From: "Serge E. Hallyn" <serge@hallyn.com>
To: "Eric W. Biederman" <ebiederm@xmission.com>
Cc: "Serge E. Hallyn" <serge@hallyn.com>,
Aristeu Rozanski <aris@ruivo.org>,
Neil Horman <nhorman@tuxdriver.com>,
"Serge E. Hallyn" <serue@us.ibm.com>,
containers@lists.linux-foundation.org,
linux-kernel@vger.kernel.org, Michal Hocko <mhocko@suse.cz>,
Thomas Graf <tgraf@suug.ch>, Paul Mackerras <paulus@samba.org>,
"Aneesh Kumar K.V" <aneesh.kumar@linux.vnet.ibm.com>,
Arnaldo Carvalho de Melo <acme@ghostprotocols.net>,
Johannes Weiner <hannes@cmpxchg.org>, Tejun Heo <tj@kernel.org>,
cgroups@vger.kernel.org, Paul Turner <pjt@google.com>,
Ingo Molnar <mingo@redhat.com>
Subject: Re: Controlling devices and device namespaces
Date: Sat, 15 Sep 2012 22:05:20 +0000 [thread overview]
Message-ID: <20120915220520.GA11364@mail.hallyn.com> (raw)

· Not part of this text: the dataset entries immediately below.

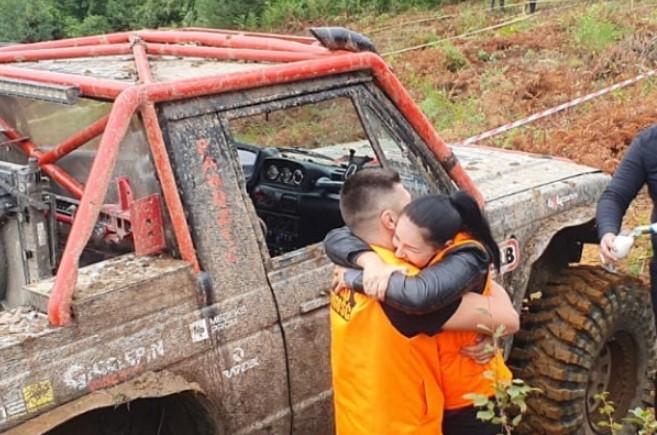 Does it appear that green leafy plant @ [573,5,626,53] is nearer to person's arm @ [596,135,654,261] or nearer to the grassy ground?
the grassy ground

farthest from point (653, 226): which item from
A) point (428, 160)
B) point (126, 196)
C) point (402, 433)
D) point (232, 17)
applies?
point (232, 17)

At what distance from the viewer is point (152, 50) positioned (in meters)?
3.89

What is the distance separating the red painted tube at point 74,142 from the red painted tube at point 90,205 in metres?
0.42

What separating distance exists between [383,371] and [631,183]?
1.62 meters

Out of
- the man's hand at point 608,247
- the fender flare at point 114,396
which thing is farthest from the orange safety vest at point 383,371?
the man's hand at point 608,247

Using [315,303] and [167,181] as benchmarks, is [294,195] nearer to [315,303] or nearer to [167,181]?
[315,303]

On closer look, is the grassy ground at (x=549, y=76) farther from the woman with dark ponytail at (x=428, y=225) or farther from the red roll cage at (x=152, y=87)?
the woman with dark ponytail at (x=428, y=225)

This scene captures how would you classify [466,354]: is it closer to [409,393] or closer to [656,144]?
[409,393]

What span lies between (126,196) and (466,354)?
1.25 m

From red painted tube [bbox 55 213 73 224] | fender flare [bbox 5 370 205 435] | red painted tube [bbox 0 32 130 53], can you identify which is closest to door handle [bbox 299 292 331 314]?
fender flare [bbox 5 370 205 435]

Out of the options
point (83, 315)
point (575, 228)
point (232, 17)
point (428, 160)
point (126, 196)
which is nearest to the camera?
point (83, 315)

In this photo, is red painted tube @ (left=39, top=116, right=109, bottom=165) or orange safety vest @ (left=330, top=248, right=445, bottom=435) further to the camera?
red painted tube @ (left=39, top=116, right=109, bottom=165)

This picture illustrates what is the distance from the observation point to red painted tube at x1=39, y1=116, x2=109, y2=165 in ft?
11.5

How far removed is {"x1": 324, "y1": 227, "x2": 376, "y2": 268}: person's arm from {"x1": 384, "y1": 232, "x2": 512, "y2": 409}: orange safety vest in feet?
0.56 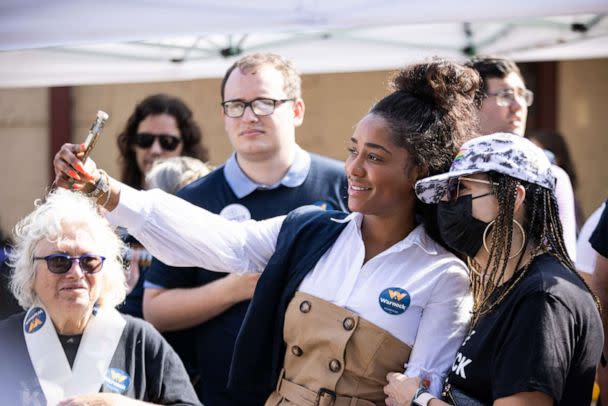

In-Reply-To: <87wqzv7i08.fsf_-_@xmission.com>
Quoting Eric W. Biederman (ebiederm@xmission.com):
> "Serge E. Hallyn" <serge@hallyn.com> writes:
>
> > Quoting Aristeu Rozanski (aris@ruivo.org):
> >> Tejun,
> >> On Thu, Sep 13, 2012 at 01:58:27PM -0700, Tejun Heo wrote:
> >> > memcg can be handled by memcg people and I can handle cgroup_freezer
> >> > and others with help from the authors. The problematic one is
> >> > blkio. If anyone is interested in working on blkio, please be my
> >> > guest. Vivek? Glauber?
> >>
> >> if Serge is not planning to do it already, I can take a look in device_cgroup.
> >
> > That's fine with me, thanks.
> >
> >> also, heard about the desire of having a device namespace instead with
> >> support for translation ("sda" -> "sdf"). If anyone see immediate use for
> >> this please let me know.
> >
> > Before going down this road, I'd like to discuss this with at least you,
> > me, and Eric Biederman (cc:d) as to how it relates to a device
> > namespace.
>
>
> The problem with devices.
>
> - An unrestricted mknod gives you access to effectively any device in
> the system.
>
> - During process migration if the device number changes using
> stat to file descriptors can fail on the same file descriptor.
>
> - Devices coming from prexisting filesystems that we mount
> as unprivileged users are as dangerous as mknod but show
> that the problem is not limited to mknod.
>
> - udev thinks mknod is a system call we can remove from the kernel.
Also,
- udevadm trigger --action=add
causes all the devices known on the host to be re-sent to
everyone (all namespaces). Which floods everyone and causes the
host to reset some devices.
> ---
>
> The use cases seem comparitively simple to enumerate.
>
> - Giving unfiltered access to a device to someone not root.
>
> - Virtual devices that everyone uses and have no real privilege
> requirements: /dev/null /dev/tty /dev/zero etc.
>
> - Dynamically created devices /dev/loopN /dev/tun /dev/macvtapN,
> nbd, iscsi, /dev/ptsN, etc
and
- per-namespace uevent filtering.
> ---
>
> There are a couple of solution to these problems.
>
> - The classic solution of creating a /dev for a container
> before starting it.
>
> - The devpts filesystem. This works well for unprivileged access
> to ptys. Except for the /dev/ptmx sillines I very like how
> things are handled today with devpts.
>
> - Device control groups. I am not quite certain what to make
> of them. The only case I see where they are better than
> a prebuilt static dev is if there is a hotppluged device
> that I want to push into my container.
>
> I think the only problem with device control groups and
> hierarchies is that removing a device from a whitelist
> does not recurse down the hierarchy.
That's going to be fixed soon thanks to Aristeu :)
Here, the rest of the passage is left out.